CM: One of the things that I keep coming back to in The Frequencies is the idea of the "you" - do you see the poems as addressing a single, relatively coherent person in a sense, or does the "you" shift?
NEG: The “I” and the “You” are meant to be pretty consistent, and hopefully function as pathos pollinators throughout the book. There are two exceptions, both of which are elegiac in tone, one more cloaked than the other. The “you” in 105.9 (on page 29) is addressed to John Wieners; it written a few days after his passing, & ends by morphing a passage from his poem “What Happened?”, which reads, “better than a hatchet/ in Massachusetts,” into, “I wonder what the light’s like in your new city. Better than a hammer in Maine I hope.” What’s was interesting to me in incorporating this section is that although ostensibly addressed to Wieners, the “you” here also holds with the narrative underpinning of the book, as the “you” did in fact move to a new city at some point. The “you” in 95.1, written the day after Kenneth Koch died, is simultaneously self-reflexive & aimed at the reader, although I don’t think it jumps all that strongly outside of the rest of the book. It’s a really vague narrative I’ve got going on.

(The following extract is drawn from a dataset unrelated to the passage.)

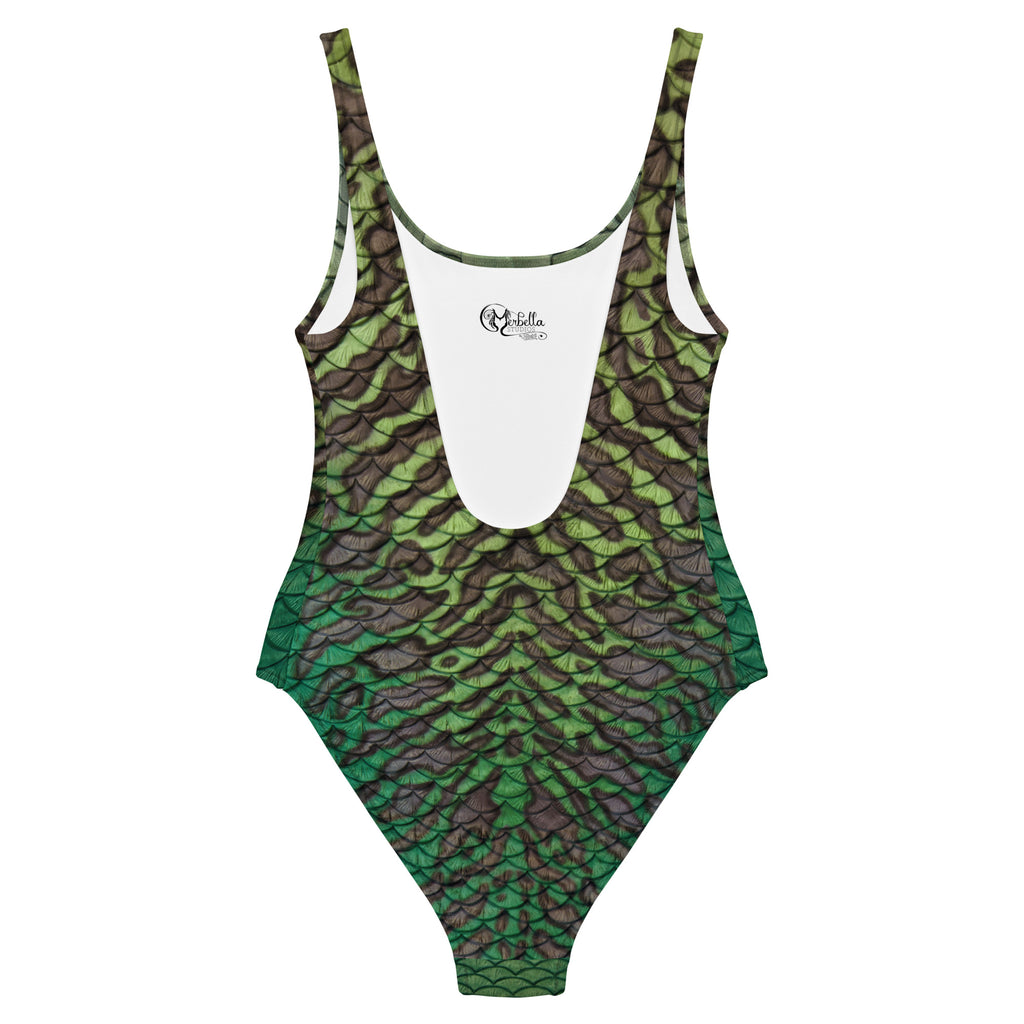 Eelia One-Piece Swimsuit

The “you” is some kind of ornithologist, the “I” a DJ. One question kept irking me as I was putting the manuscript together: if I wrote in prose, with a consistent set of characters, often engaging in dialogue, was I writing a novel? At one point I wanted to call the book The Frequencies: an American Radio Novel. Thankfully my friends & publisher talked me out of it; still, regardless of Stevens’ notions of poetry as the supreme fiction, if the “I” is always the same other, then I can’t help but think of it as more straight-up fiction.